Sam made a very frustrated noise between his teeth. "And you don't towel my hair dry or read me Paddington Bear before I fall asleep."

"Yes, I do. I did last night."

"Well, you shouldn't have."

"Was it naughty?" Dean wanted to know.

"And you don't use the word 'naughty' unless you're talking about sordid acts you partake in with attractive women who have very low standards."

"Sam, really, I don't know what you're talking about at all-"

"And you don't faint when we're about to exorcise a de-"

"Quail," Dean interrupted, shuddering at the apparent memory. "Can we please call them quails?"

"No, Dean. They're demons. And I don't want you to worry about it because I'm going to fix this."

"You are?"

"I am. This is my fault. I know who you are and I should accept it. You're never gonna be that guy, are you?"

Dean blinked through his coke-bottle glasses. "I guess not?

Sam unrolled his window and snatched the glasses off his brother's face. "You're not," he said in a voice full of vehemence, and he tossed the ugly things right out into the wind. "You're not at all."

Dean remained quietly thoughtful after that.

Brunhilda fixed it. She fixed it right up and Sam hugged her with same level of tearful joy that he hugged Dean with the previous night. Dean stood shaking his head and blinking, trying to regain his wits about him because it was apparently weird to be a British stereotype one minute and a grungy, cheeseburger-loving alcoholic the next.

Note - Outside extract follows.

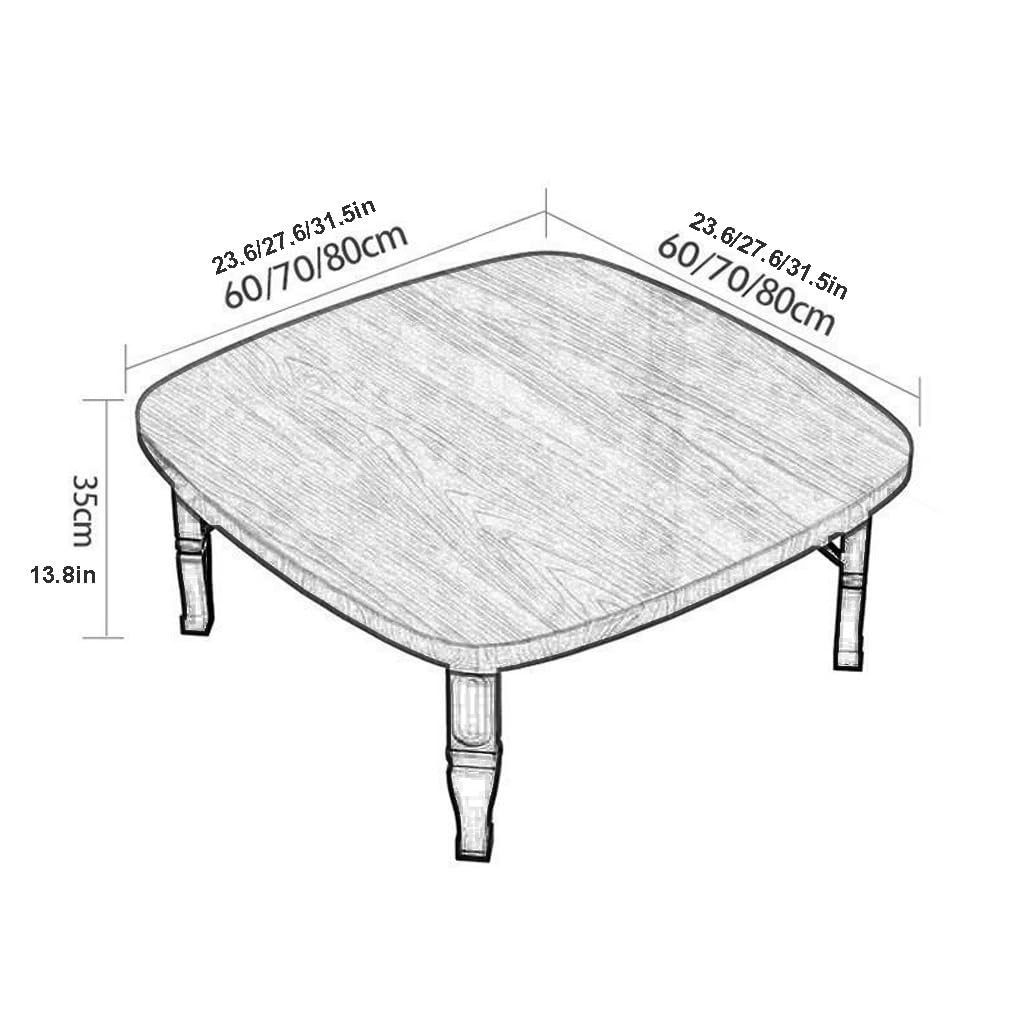 Tavolino Giapponese Basso Pieghevole In Legno MDF - 70x30 Cm, Portatile, Per Tatami, Colazione, Studio E Campeggio - 3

"Sam?" he blinked. "Why the hell are you hugging Brunhilda?"

"My name is not Brun-"

"Shut up and stop ganking bunnies," Dean snapped, and he pulled his gun out of his jeans to level it threateningly at her. "What did the bunnies ever do to you, anyway?"

"Dean," Sam grabbed his brother by the wrist and lowered it so the gun was pointing towards the floor. "C'mon, let's just get out of here..."

Dean narrowed his eyes at Brunhilda, but reluctantly followed.

Sam fidgeted uncomfortably in the passenger seat on their way to their next destination and tried not to meet those suspicious glances Dean kept tossing his way.

It took about fifty miles for it to start coming back.

"Why did I clean your jeans last night?" Dean wondered aloud at a rest stop, before taking a large bite of a half-melted chocolate bar.

"Uh...you were being nice," Sam told him, and Dean shrugged and tossed the wrapper into a trashcan.

"'Course I was. I'm a helluva guy."

"You are," Sam agreed. "You really, really are, Dean."

"Don't start crying," Dean warned him, and they got back in the car.

Another fifty miles and it was, "Dude...who the hell is Paddington Bear?"

And twenty more, in farm country. "Awwww, Sammy. Lookit the sheepsy weepsies...and why the fuck did I just say sheepsy weepsies?" Sam tried his best to disappear under the glare his brother shot him during that particular question.

Sixteen more miles had them at, "I really, really hate salad, you know."

"I know," Sam told him in a small voice.

Ten. "Crumpets are kinda delicious."

Seven. "I feel like I had a dream last night where a quail killed a cow and Sam...Sam, that makes zero sense. Zilch."

Five, fingering a button on his white dress shirt. "Where the fuck did this pansy ass shirt come from? Is this yours?"

One. "I'm gonna kill you, I hope you know.

"I know," Sam squeaked.

"You better know. Where's my whiskey?"

"It turned into wine." Sam shrunk into his seat. "I'm sorry."

"You should be. I'm gonna kill you so hard. I fainted. In front of the enemy."

"I'm so sorry."

"Whatever."

Dean was quiet for a long time after that. Sam tried very hard not to breathe too loudly, lest he remind his brother that he was still alive and kicking.

Twenty miles. "I really want some sticky toffee pudding with clotted cream and I don't know what the fuck that is."

"It's, uh..."

"I don't care," Dean told him, and knocked a light fist into Sam's thigh. "I don't care what it is. We're gettin' pie."

"We are?"

"Yes. You're paying."

Sam breathed a sigh of relief and internally vowed to always appreciate his brother. Dean may not be that guy, but he was this guy. And despite the fact that Sam knew this guy did his very best to make clean denim dirty, and that Sam's own clean, respectable pair of jeans would be shredded to hell and possibly burned that very night, he was very glad to buy this guy a slice of pie. Or three.